[Start of Attachment]

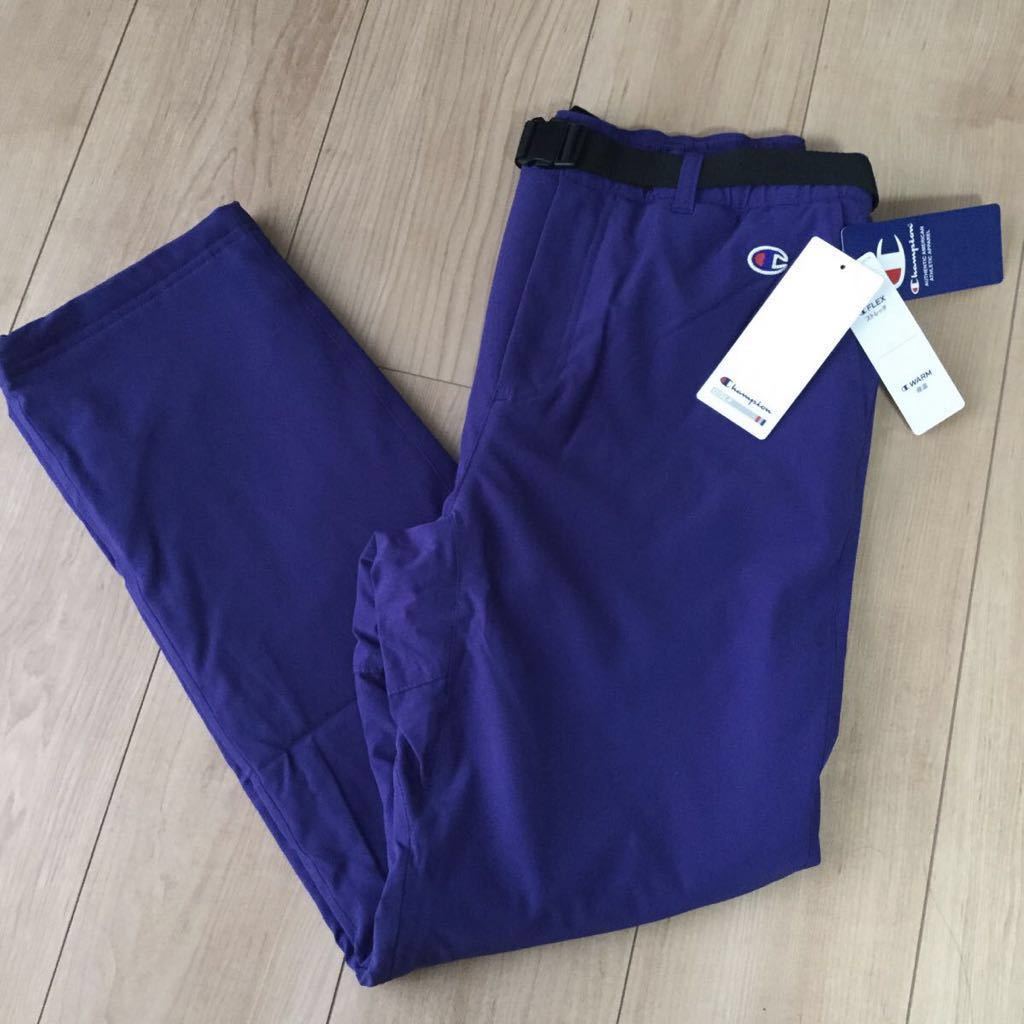 【格安，お得】 定価15180円 Champion チャンピオン ゴルフウェア メンズ ストレッチパンツ 保温 中綿ロングパンツ 秋冬モデル Mサイズ(78cm～)｜売買されたオークション情報、yahooの商品情報をアーカイブ公開 - パンツ、スラックス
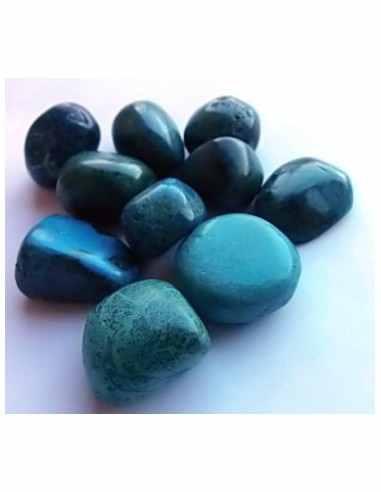 Chrysocolle petite pierre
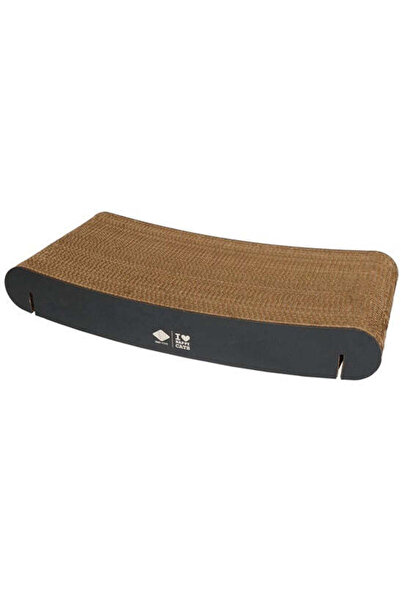 D&D Home I Love Happy Cats Refill Cardboard for David Curved Shelf - BROWN/60...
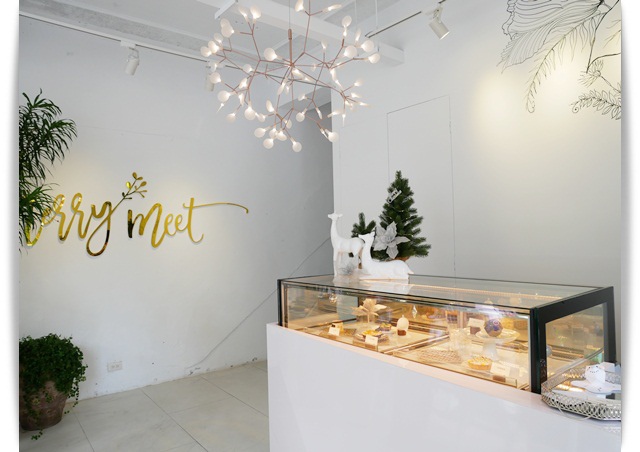 好夢幻、好美的小森林，甜點也好好吃!! -「Merry meet 好聚」❤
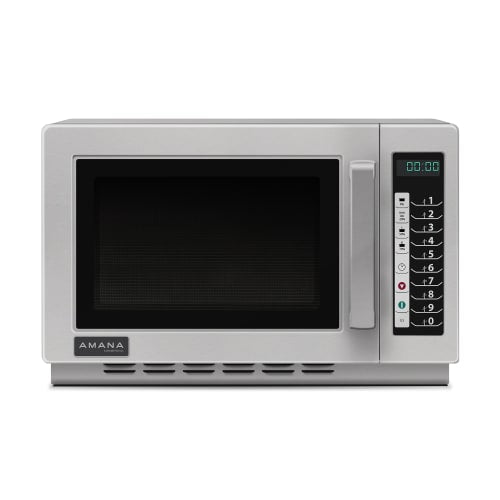 Amana RCS10TS 1000w Commercial Microwave w/ Touch Pad - 120v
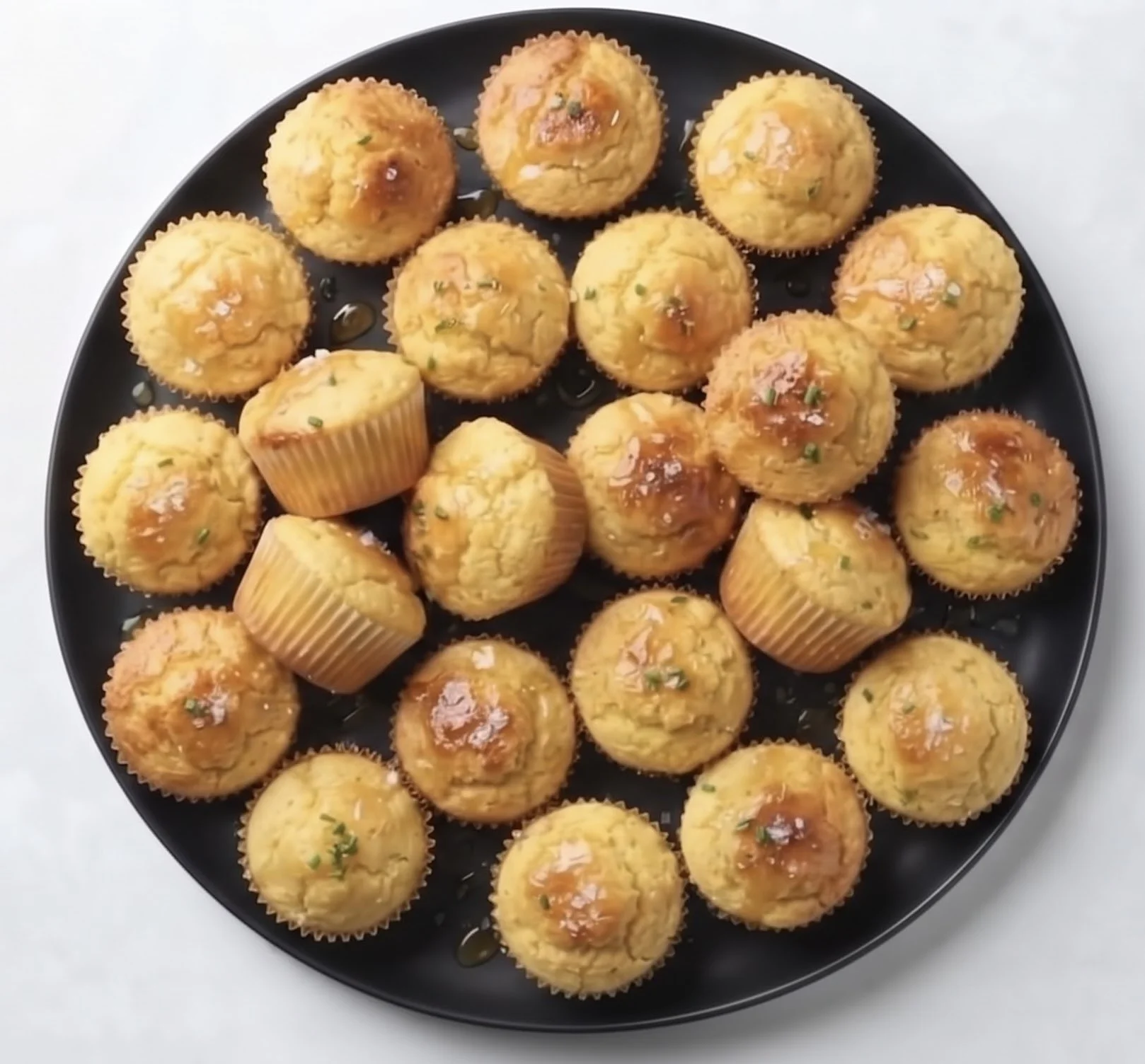 Honey-Buttered Cornbread Muffins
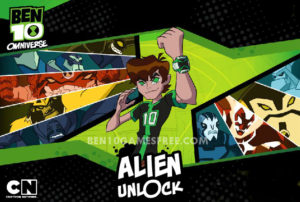Ben 10 Alien Unlock Game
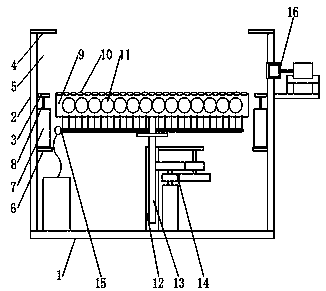 Heat pump heat supply type drying device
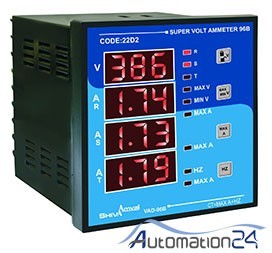 Shiva Omvag Multimeter 144 Code 22E1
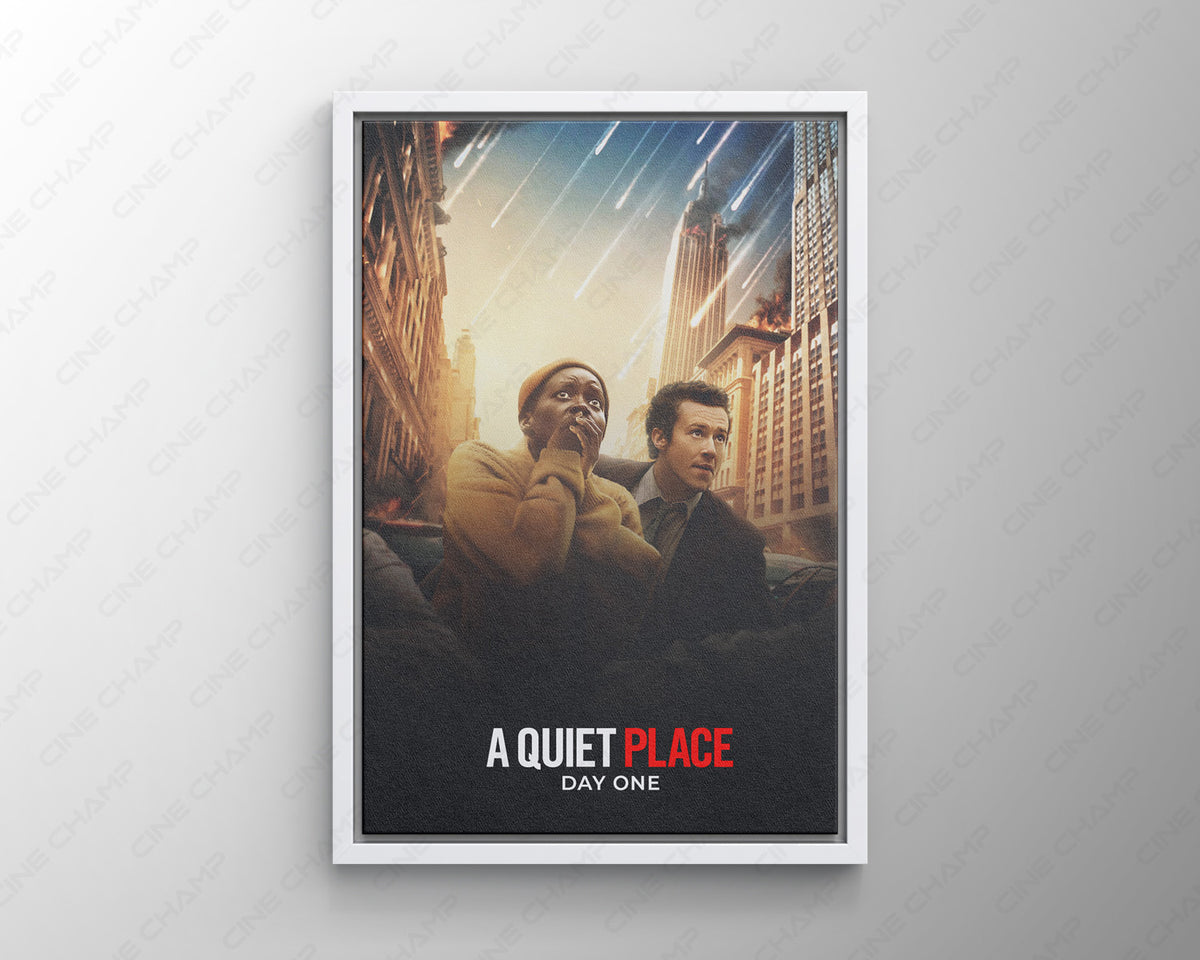 A Quiet Place Day One Horror Movie Print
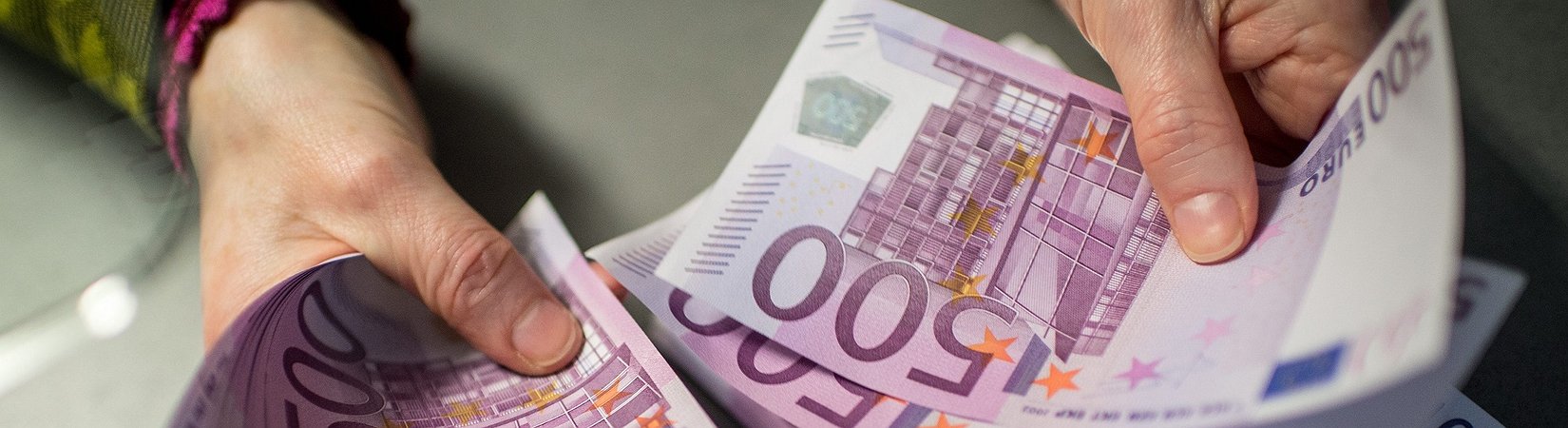 El BCE decide eliminar el billete de 500 €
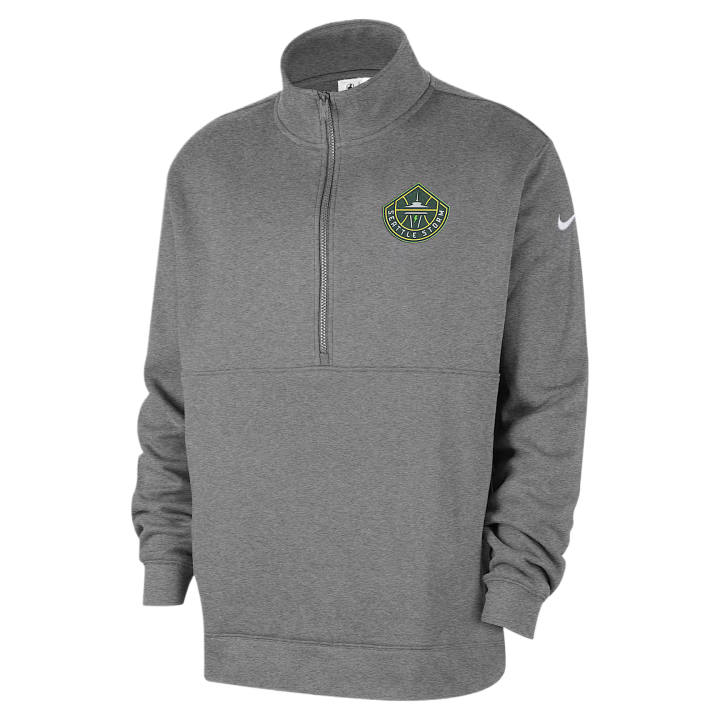 Nike Nike Seattle Storm Club Men's Nike Wnba Half-Zip Top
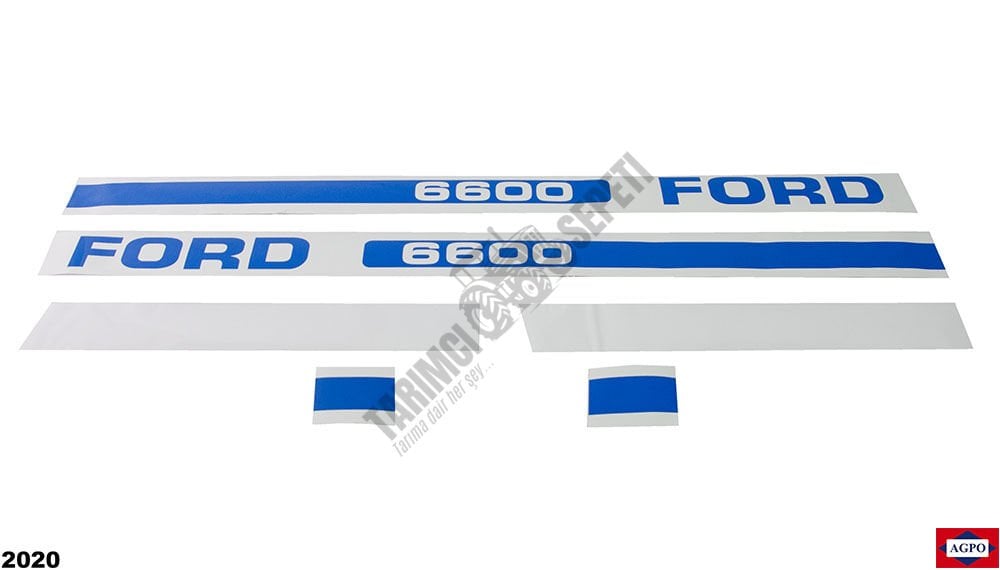 1 TRAKTÖRLÜK YAN YAZI TK MAVİ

[End of Attachment]

__EXERCISE DETAILS__. Where the line with "好夢幻、好美的小森林，甜點也好好吃!! -「Merry meet 好聚」❤" appears in the entries above, begin there and restate every line to the end word for word, minus the pictures.

__ANSWER FOR THIS EXERCISE__.
 好夢幻、好美的小森林，甜點也好好吃!! -「Merry meet 好聚」❤
 Amana RCS10TS 1000w Commercial Microwave w/ Touch Pad - 120v
 Honey-Buttered Cornbread Muffins
Ben 10 Alien Unlock Game
 Heat pump heat supply type drying device
 Shiva Omvag Multimeter 144 Code 22E1
 A Quiet Place Day One Horror Movie Print
 El BCE decide eliminar el billete de 500 €
 Nike Nike Seattle Storm Club Men's Nike Wnba Half-Zip Top
 1 TRAKTÖRLÜK YAN YAZI TK MAVİ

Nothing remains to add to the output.